Stored records:
-*-*-

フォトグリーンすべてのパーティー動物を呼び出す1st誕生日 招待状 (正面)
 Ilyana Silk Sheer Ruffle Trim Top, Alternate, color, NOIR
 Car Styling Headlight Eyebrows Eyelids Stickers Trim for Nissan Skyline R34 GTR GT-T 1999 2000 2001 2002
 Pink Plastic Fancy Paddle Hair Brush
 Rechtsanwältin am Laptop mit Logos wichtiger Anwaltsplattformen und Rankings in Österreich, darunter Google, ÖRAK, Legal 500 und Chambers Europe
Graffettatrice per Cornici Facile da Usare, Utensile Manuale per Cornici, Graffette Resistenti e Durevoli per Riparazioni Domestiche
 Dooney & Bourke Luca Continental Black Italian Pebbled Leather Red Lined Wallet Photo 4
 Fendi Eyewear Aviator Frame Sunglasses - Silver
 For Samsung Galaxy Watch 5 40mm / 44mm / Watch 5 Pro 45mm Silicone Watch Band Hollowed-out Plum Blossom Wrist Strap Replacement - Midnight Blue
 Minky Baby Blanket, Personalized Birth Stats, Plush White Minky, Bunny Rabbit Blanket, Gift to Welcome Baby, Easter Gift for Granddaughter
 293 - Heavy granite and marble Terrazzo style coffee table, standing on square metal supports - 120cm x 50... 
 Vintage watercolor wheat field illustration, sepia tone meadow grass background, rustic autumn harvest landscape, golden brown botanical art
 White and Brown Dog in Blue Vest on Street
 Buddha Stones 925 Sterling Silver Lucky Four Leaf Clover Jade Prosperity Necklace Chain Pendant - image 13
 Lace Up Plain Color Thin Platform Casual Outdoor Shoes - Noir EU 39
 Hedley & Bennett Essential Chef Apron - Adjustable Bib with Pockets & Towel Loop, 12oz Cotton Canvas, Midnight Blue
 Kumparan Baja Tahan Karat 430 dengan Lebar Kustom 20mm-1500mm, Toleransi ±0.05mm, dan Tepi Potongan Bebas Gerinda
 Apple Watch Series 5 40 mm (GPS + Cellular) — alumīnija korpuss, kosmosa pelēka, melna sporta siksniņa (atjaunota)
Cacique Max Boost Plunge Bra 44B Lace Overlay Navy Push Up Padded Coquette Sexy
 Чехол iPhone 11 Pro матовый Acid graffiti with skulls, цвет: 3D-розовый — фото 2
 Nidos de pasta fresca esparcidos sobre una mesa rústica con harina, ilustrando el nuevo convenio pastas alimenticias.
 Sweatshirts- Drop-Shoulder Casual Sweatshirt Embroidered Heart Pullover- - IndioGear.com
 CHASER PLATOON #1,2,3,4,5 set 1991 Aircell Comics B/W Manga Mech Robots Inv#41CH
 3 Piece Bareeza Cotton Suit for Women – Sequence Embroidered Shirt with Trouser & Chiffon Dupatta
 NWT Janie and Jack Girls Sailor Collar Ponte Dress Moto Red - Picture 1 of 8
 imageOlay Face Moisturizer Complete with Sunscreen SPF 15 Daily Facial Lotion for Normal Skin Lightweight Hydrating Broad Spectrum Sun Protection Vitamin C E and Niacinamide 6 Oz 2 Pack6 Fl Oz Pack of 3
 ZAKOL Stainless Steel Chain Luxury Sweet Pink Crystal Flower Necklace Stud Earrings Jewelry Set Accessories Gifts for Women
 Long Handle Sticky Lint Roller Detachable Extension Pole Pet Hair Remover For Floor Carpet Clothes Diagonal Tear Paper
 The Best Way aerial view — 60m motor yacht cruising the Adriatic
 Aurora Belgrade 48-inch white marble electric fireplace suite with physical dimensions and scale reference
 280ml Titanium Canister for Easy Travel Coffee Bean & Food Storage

-*-*-

What the task asks
Please go through the data and copy each line containing the word "Chain".

Written reply
 Buddha Stones 925 Sterling Silver Lucky Four Leaf Clover Jade Prosperity Necklace Chain Pendant - image 13
 ZAKOL Stainless Steel Chain Luxury Sweet Pink Crystal Flower Necklace Stud Earrings Jewelry Set Accessories Gifts for Women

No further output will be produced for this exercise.